WHAT YOU SHOULD DO: Reproduce verbatim the line containing "Volkswagen Passat B8" and every line that follows it through the end of the entries below, omitting all pictures.

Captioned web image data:
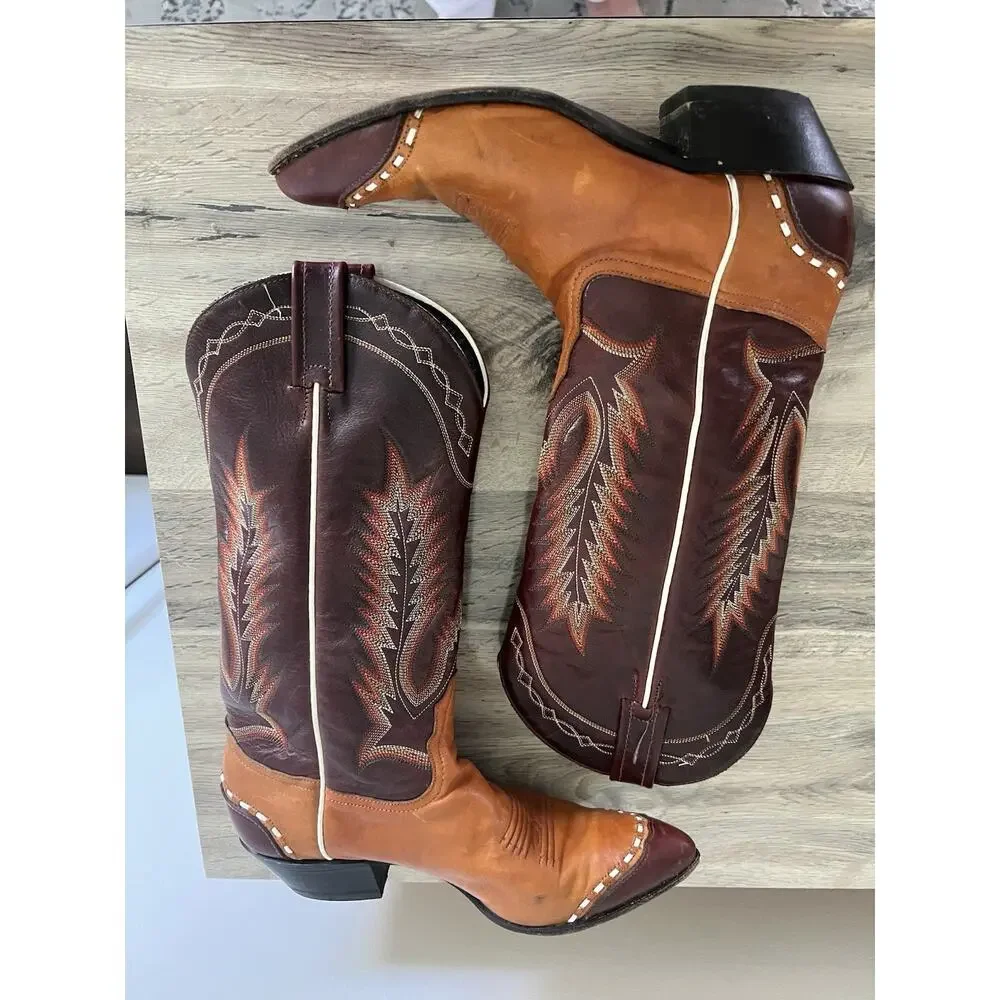 Tony Lama Vintage Brown Embroidered Cowboy Boots Size 6.5 1028 L Western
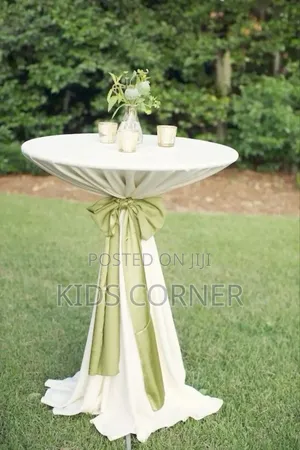 Your Cocktail Hour, Our Stylish Setup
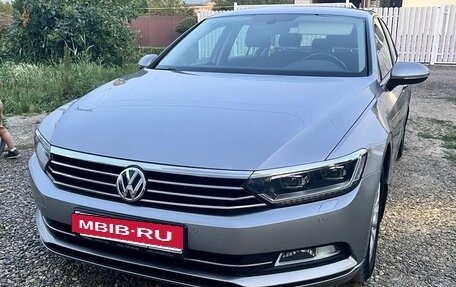 Volkswagen Passat B8 рестайлинг, 2015 год, 1 745 000 рублей, 18 фотография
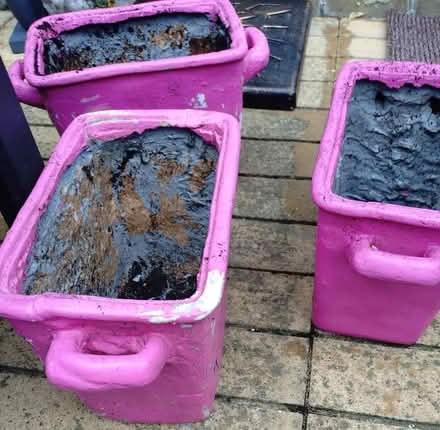 Photo of free 5 pink garden planters (Sydenham, SE26) #2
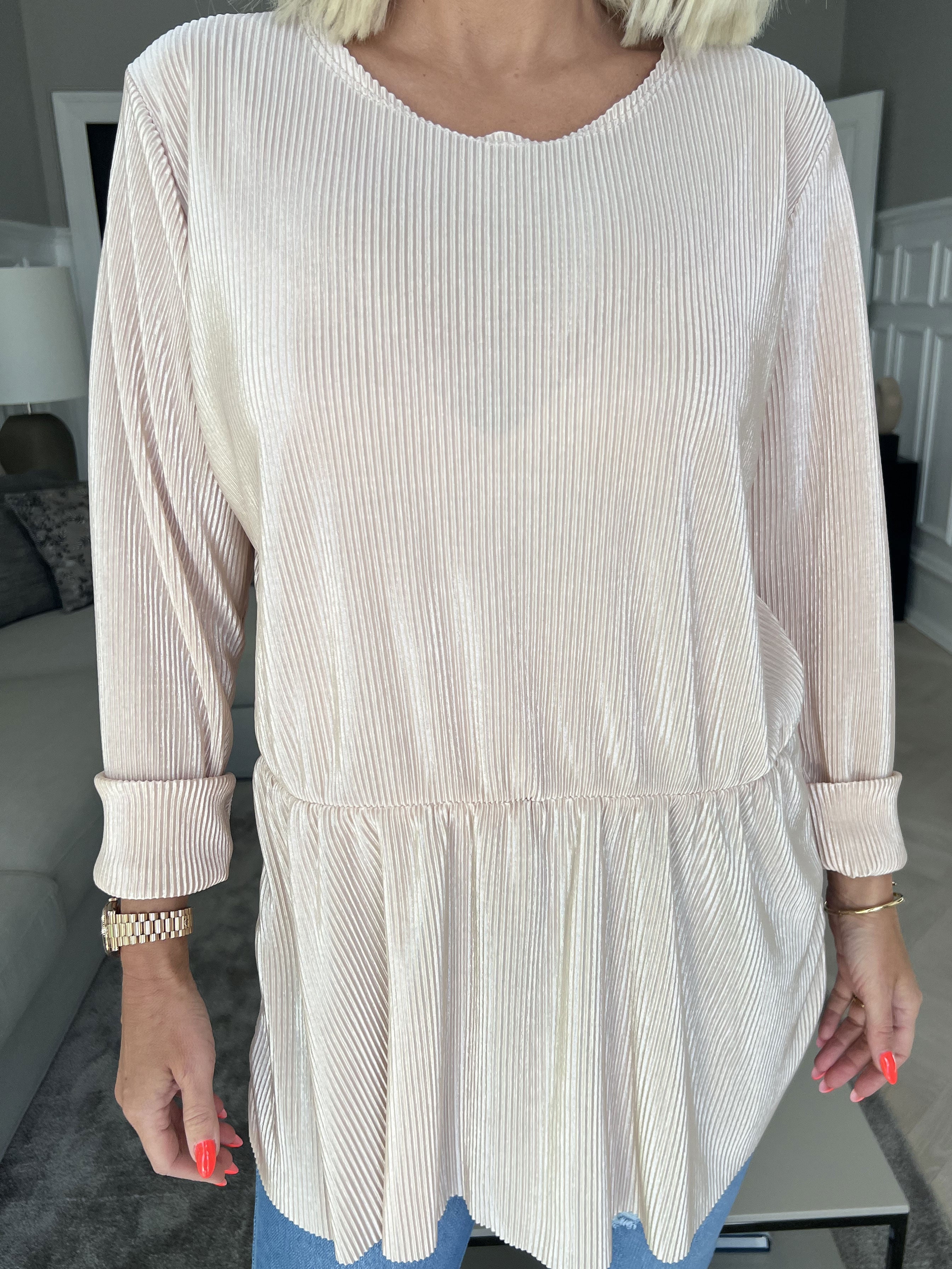 Delfina - Rillet langærmet bluse med lille skød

THE COMPLETED TASK:
 Volkswagen Passat B8 рестайлинг, 2015 год, 1 745 000 рублей, 18 фотография
 Photo of free 5 pink garden planters (Sydenham, SE26) #2
 Delfina - Rillet langærmet bluse med lille skød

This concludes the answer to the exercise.